[Information Boundary: Start]

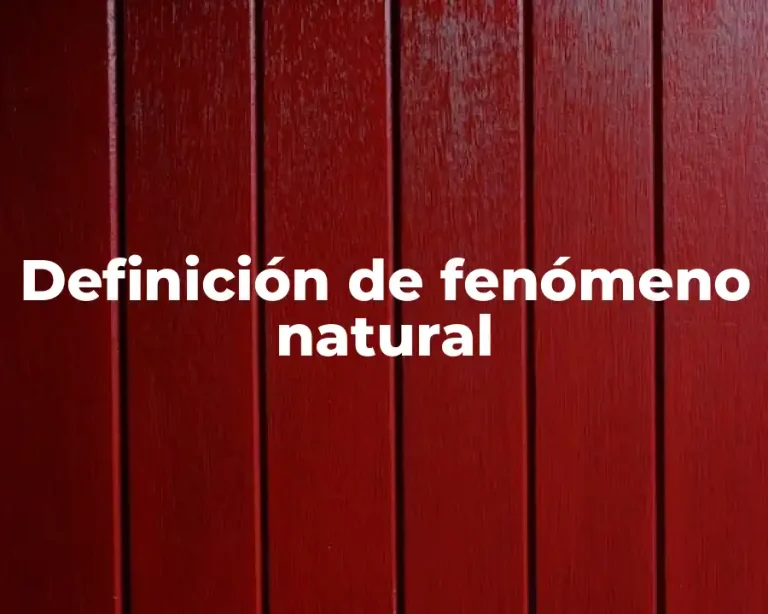 Definición de fenómeno natural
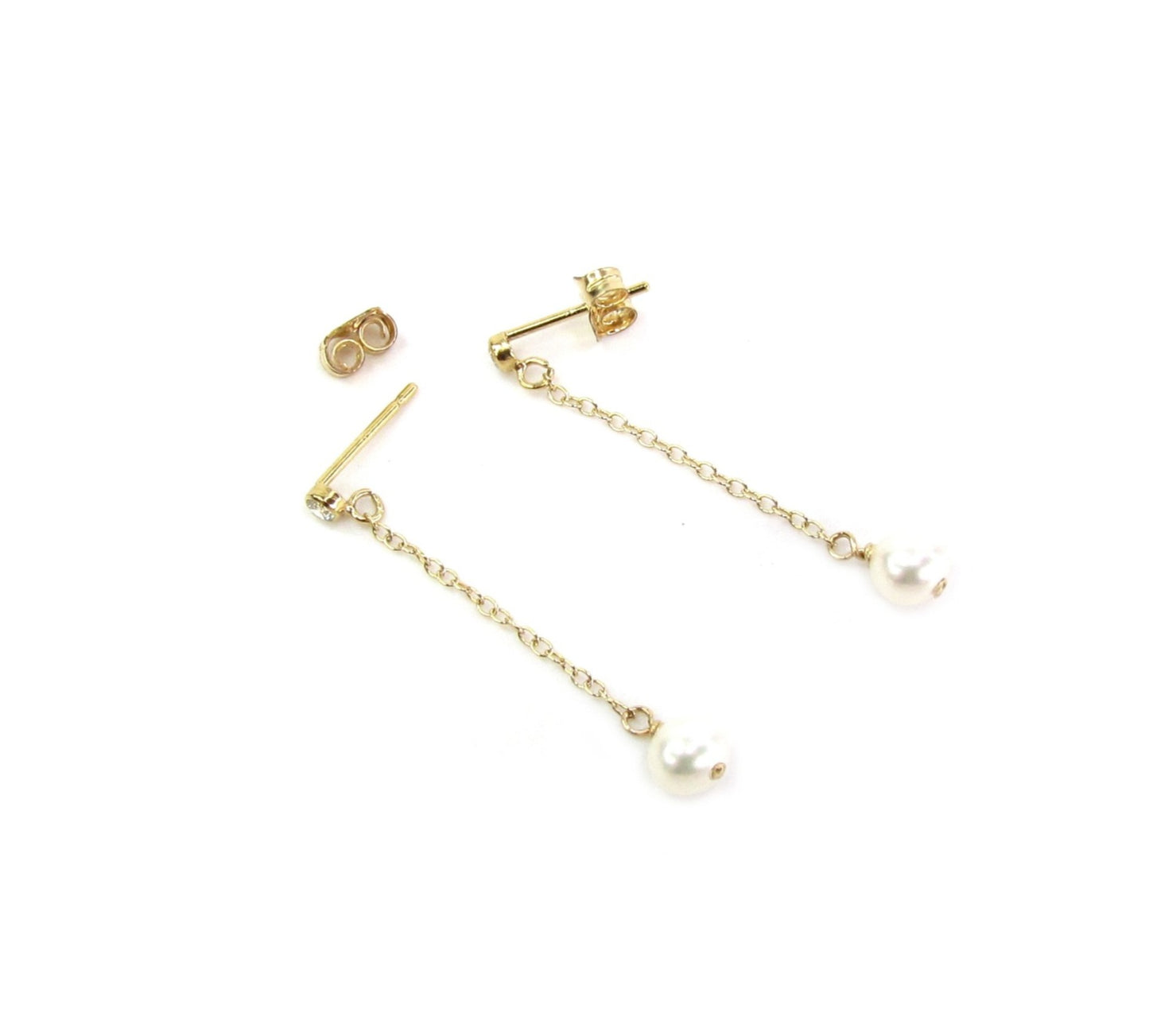 CZ Dangle Pearl Earrings | 14K Gold Filled Elegant Drop Earrings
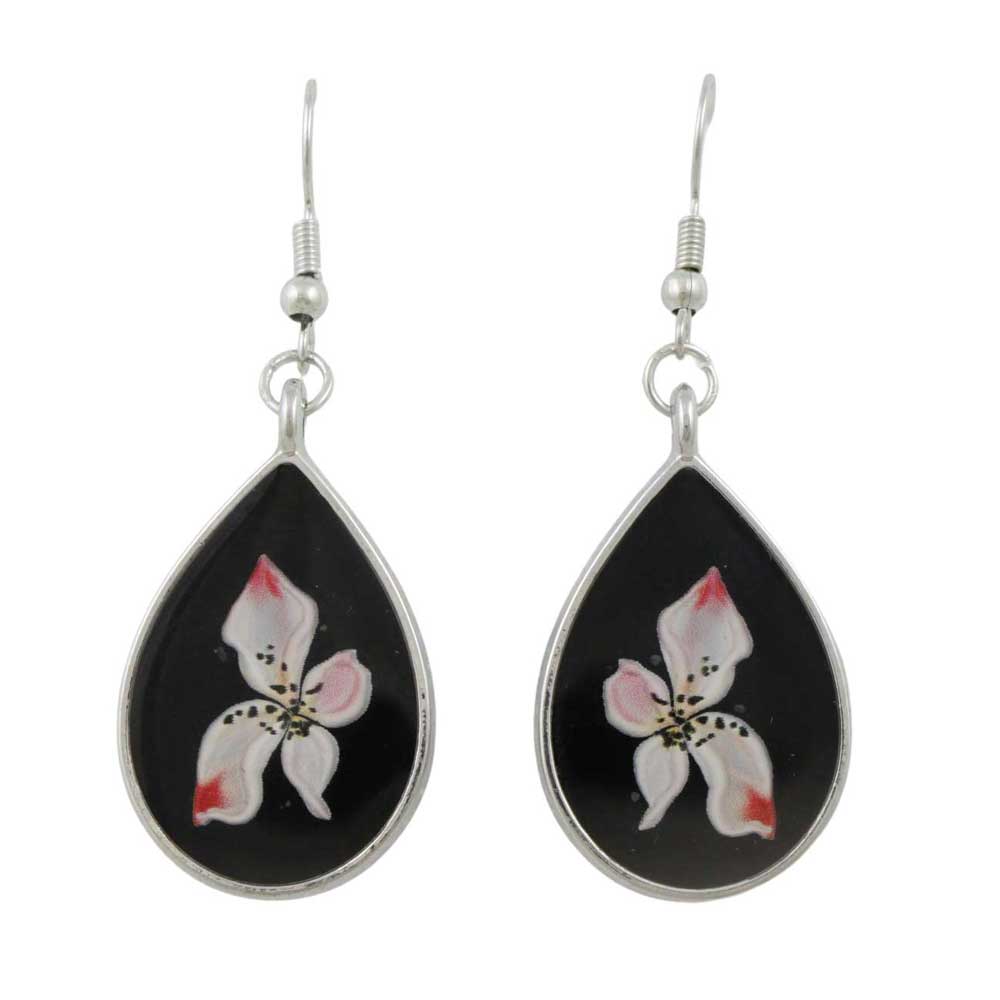 Black Teardrop-shaped earrings with white and pink orchid - Lilylin Designs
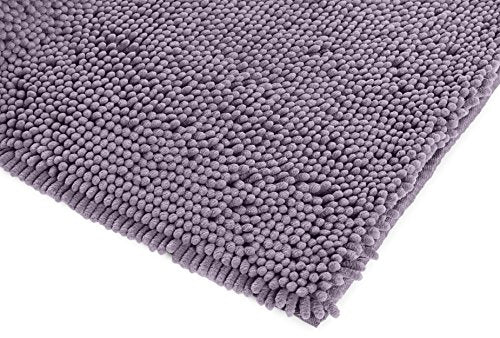 Non-Slip Microfiber Shag Bathroom Rug, Absorbent Plush Mat, 21" x 34"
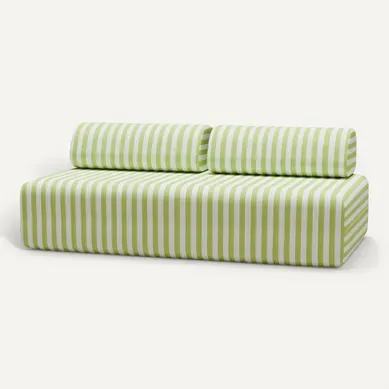 Canapé 3 Places Modulable - Tissu Extérieur À Rayures, Blanc Et Vert Anis Canapé 3 Places Modulable - Tissu Extérieur À Rayures, Blanc Et Vert Anis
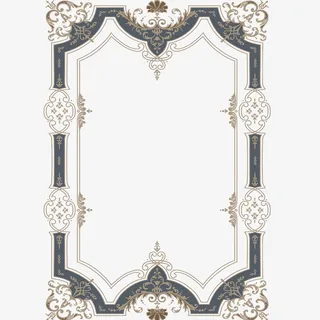 欧式复古花纹边框免抠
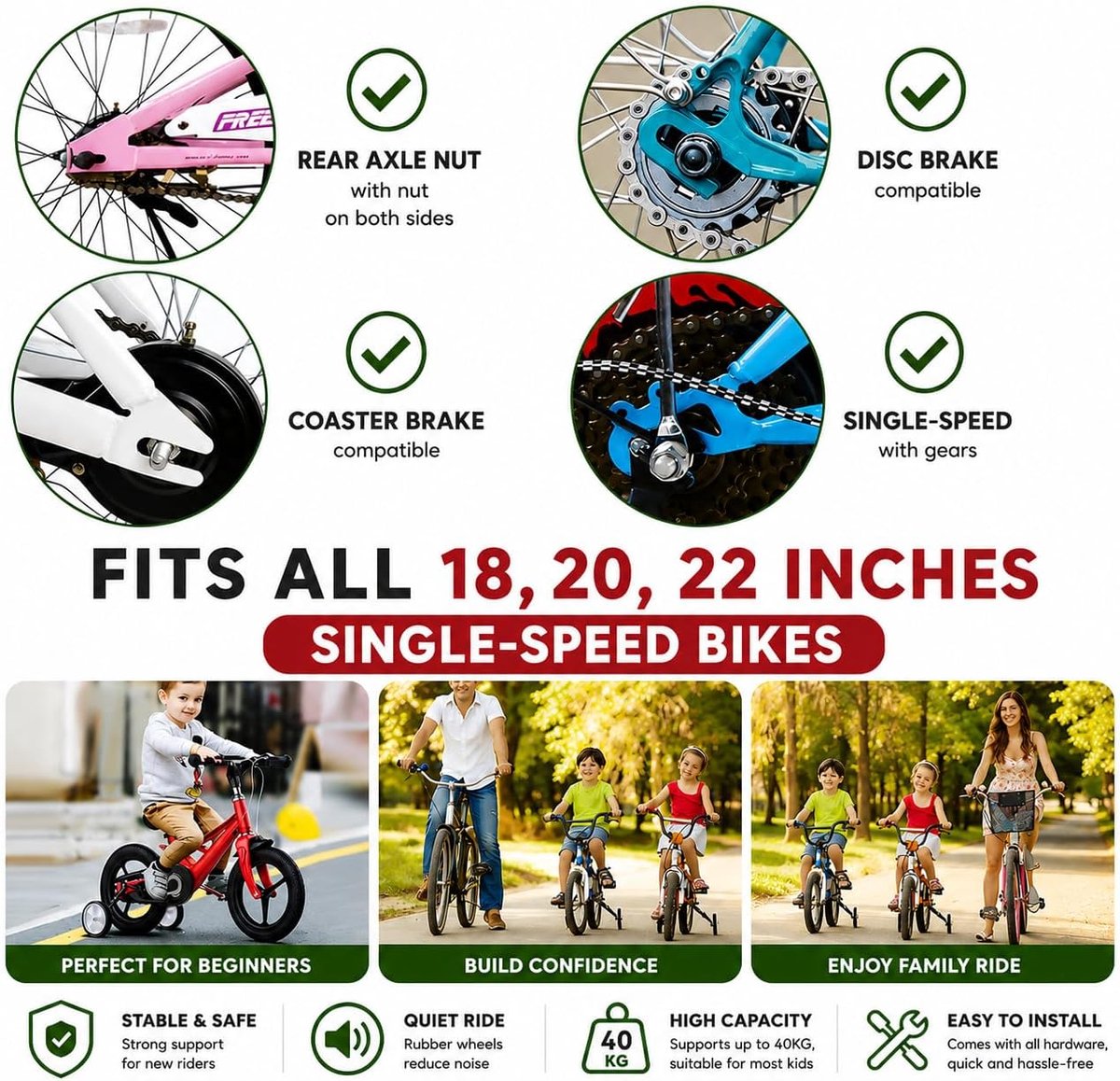 SnelShoppen - Kinderfiets Steunwielen van Koolstofstaal, Universele Stabilisatie voor 18, 20 en 22 Inch Fietsen, Veiligheidsondersteuning voor Kindere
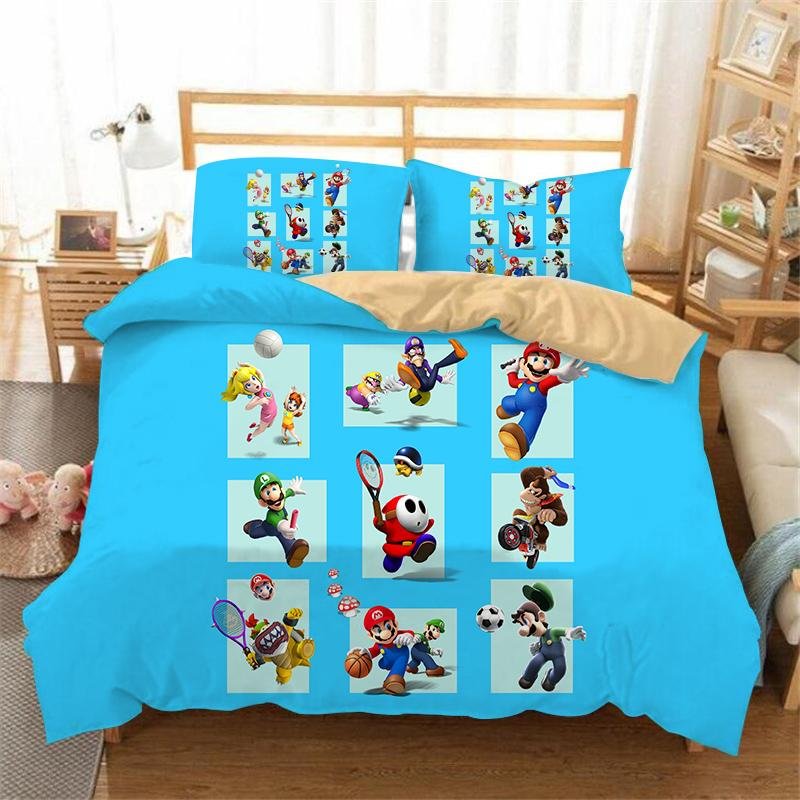Mario Bedding Set Bed Quilt Cover Pillow Case Home Use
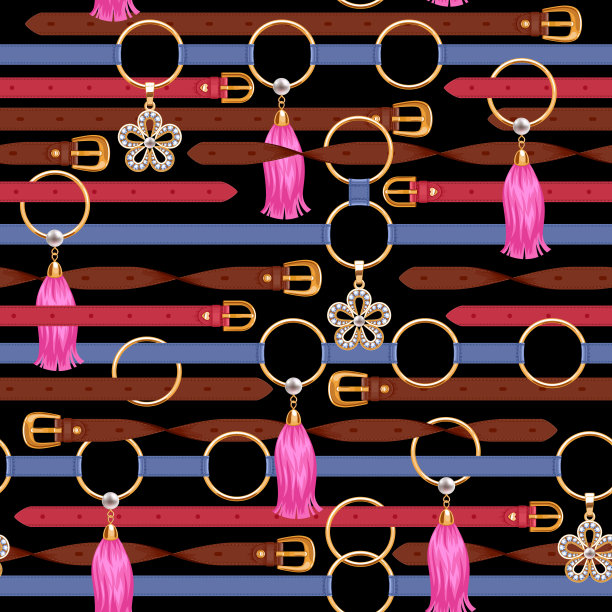 彩色腰带首饰吊坠无缝背景。图片下载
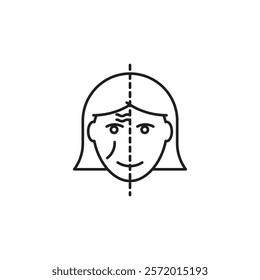 Facelifting procedure icon in liner stroke style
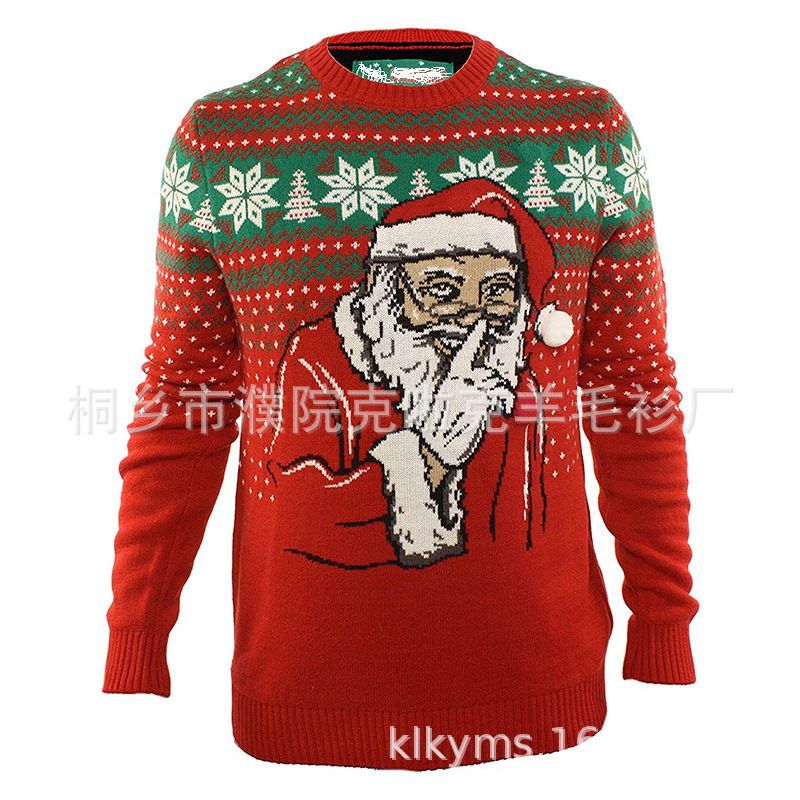 Tongxiang Knitted Sweater Source Industry Chain Factory Customized Foreign Trade Christmas Sweater to Process Jacquard Pullover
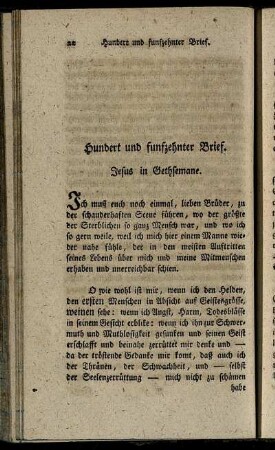 Hundert und funfzehnter Brief. Jesus in Gethsemane.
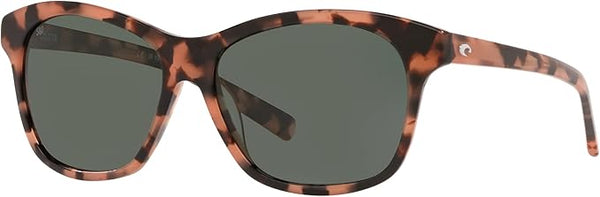 COSTA DEL MAR SARASOTA WOMAN SUNGLASSES SHINY DUSK FRAME, GRAY LENSES, 57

[Information Boundary: End]

Reproduce all entries exactly. Pictures do not belong in the copy.

Solution
 Definición de fenómeno natural
 CZ Dangle Pearl Earrings | 14K Gold Filled Elegant Drop Earrings
 Black Teardrop-shaped earrings with white and pink orchid - Lilylin Designs
 Non-Slip Microfiber Shag Bathroom Rug, Absorbent Plush Mat, 21" x 34"
 Canapé 3 Places Modulable - Tissu Extérieur À Rayures, Blanc Et Vert Anis Canapé 3 Places Modulable - Tissu Extérieur À Rayures, Blanc Et Vert Anis
 欧式复古花纹边框免抠
 SnelShoppen - Kinderfiets Steunwielen van Koolstofstaal, Universele Stabilisatie voor 18, 20 en 22 Inch Fietsen, Veiligheidsondersteuning voor Kindere
Mario Bedding Set Bed Quilt Cover Pillow Case Home Use
 彩色腰带首饰吊坠无缝背景。图片下载
 Facelifting procedure icon in liner stroke style
 Tongxiang Knitted Sweater Source Industry Chain Factory Customized Foreign Trade Christmas Sweater to Process Jacquard Pullover
 Hundert und funfzehnter Brief. Jesus in Gethsemane.
 COSTA DEL MAR SARASOTA WOMAN SUNGLASSES SHINY DUSK FRAME, GRAY LENSES, 57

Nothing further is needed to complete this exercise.